Aim of the task: Please retype, word for word, the line containing "Apartamento en Muette" and every line after it through the end of the records, leaving out all pictures.

Caption-style text data:
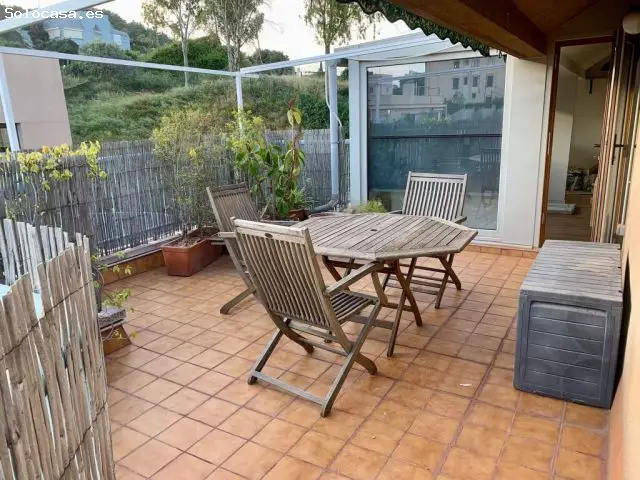 Atico con Terraza en Guinardo Vistas Barcelona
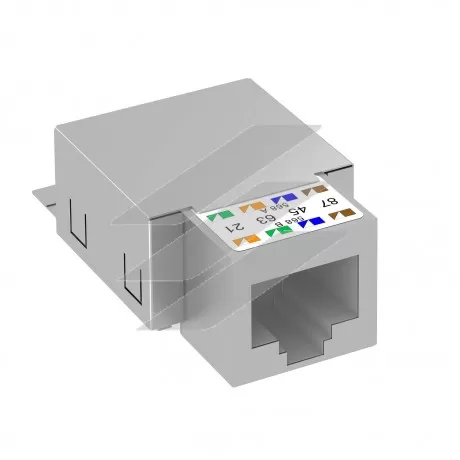 Інформаційний модуль RJ45, Cat.5e, екранований, R&M, OBO Bettermann
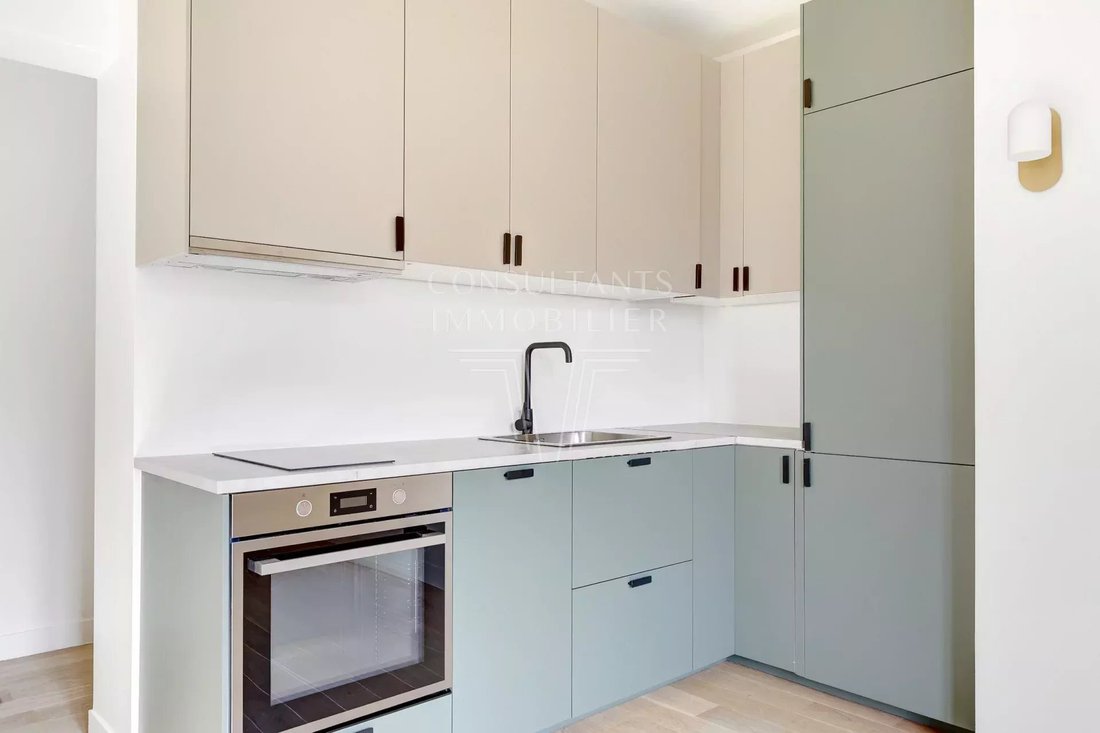 Apartamento en Muette Sud, Paris 16e Arrondissement, París 2 - 18777309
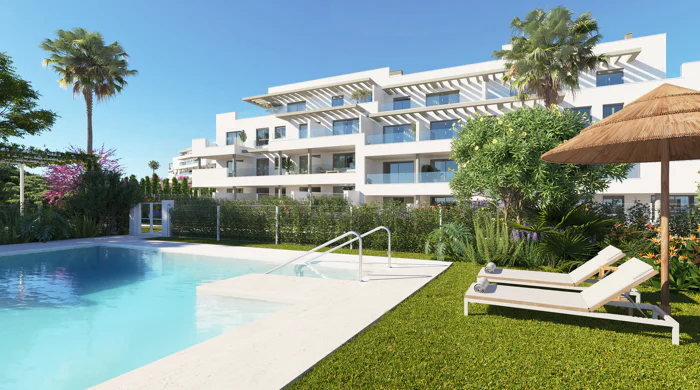Contemporary Apartment for sale in Mijas Costa within walking distance of the beach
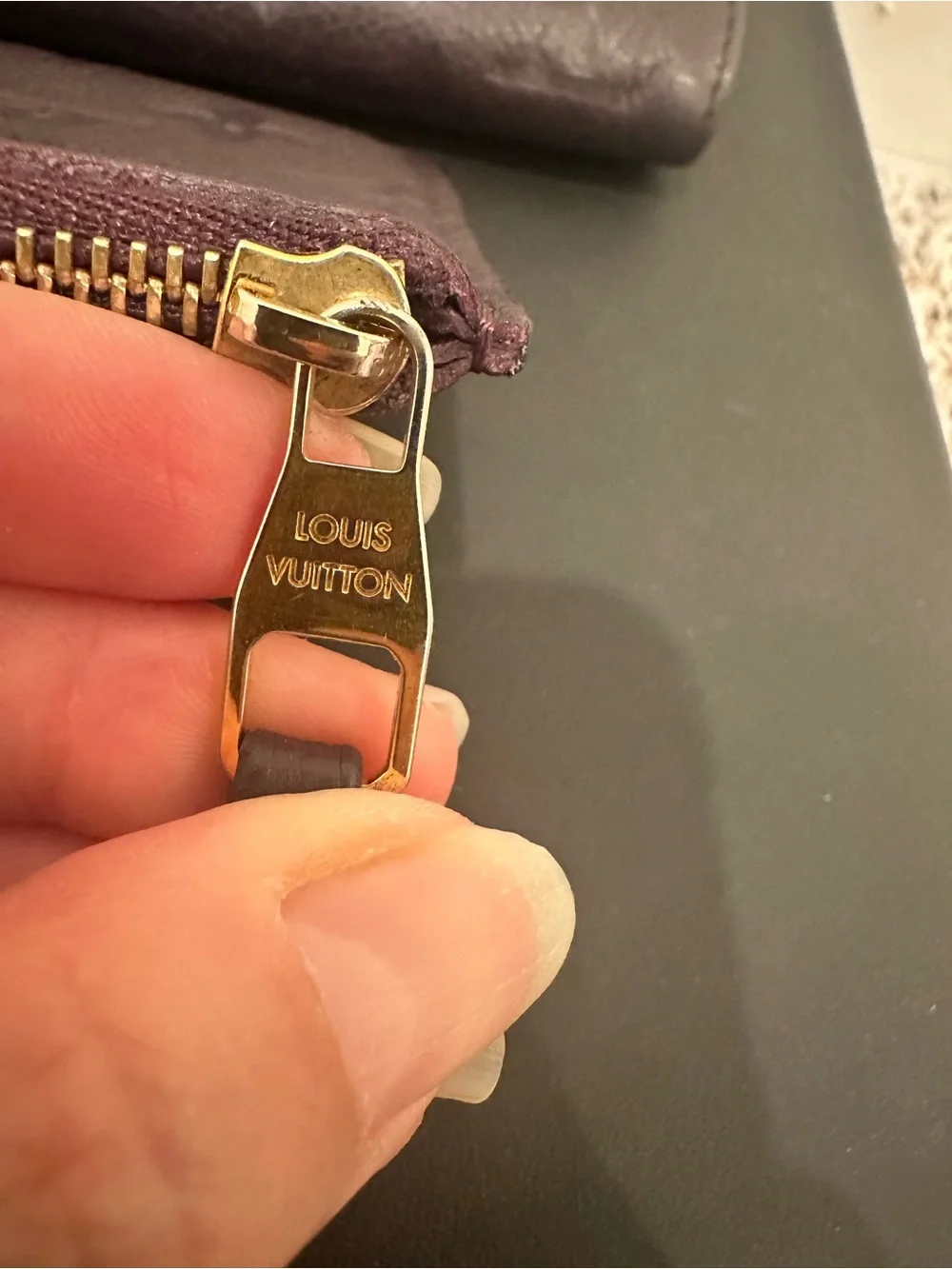 Louis Vuitton Empreinte Wallet & Pouch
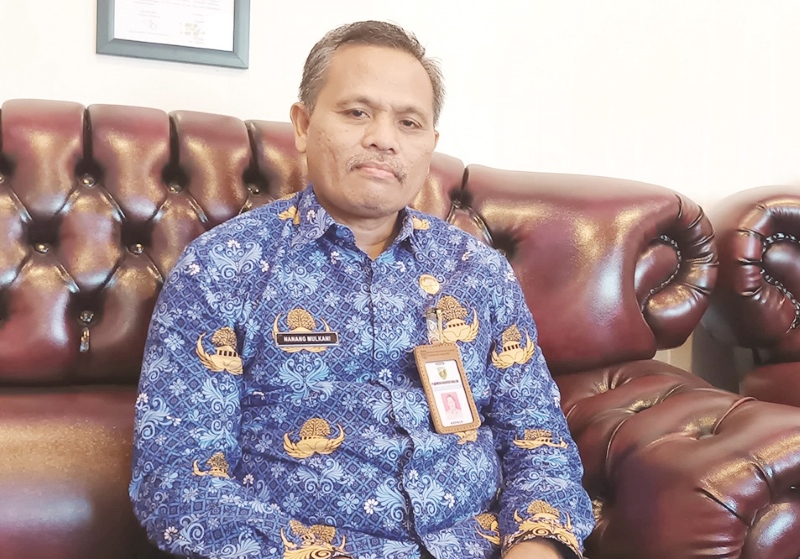 Penjabat Sekda Tabalong, Nanang Mulkani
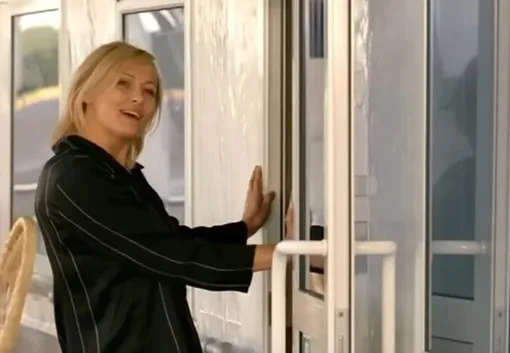 Елена Шевченко в фильме «День выборов»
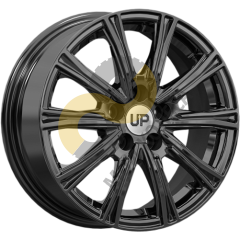 Wheels UP Up123 6x15 5x110 ET35 Dia65.1 New Black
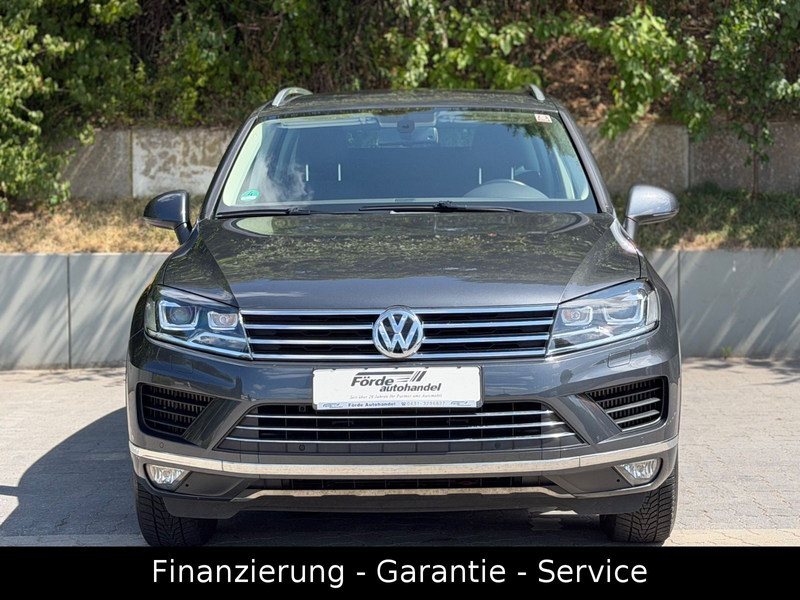 Volkswagen Touareg V6 TDI 4Motion/LED/1HAND/AHK/GEPFLEGT/SH — photo 2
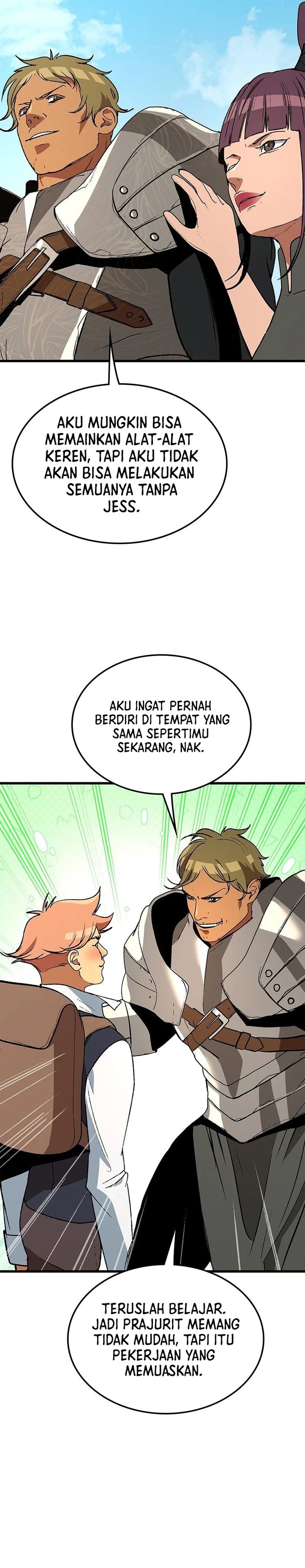 Return of the Runebound Professor Chapter 41 Gambar 27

Result of this task:
 Apartamento en Muette Sud, Paris 16e Arrondissement, París 2 - 18777309
Contemporary Apartment for sale in Mijas Costa within walking distance of the beach
 Louis Vuitton Empreinte Wallet & Pouch
 Penjabat Sekda Tabalong, Nanang Mulkani
 Елена Шевченко в фильме «День выборов»
 Wheels UP Up123 6x15 5x110 ET35 Dia65.1 New Black
 Volkswagen Touareg V6 TDI 4Motion/LED/1HAND/AHK/GEPFLEGT/SH — photo 2
 Return of the Runebound Professor Chapter 41 Gambar 27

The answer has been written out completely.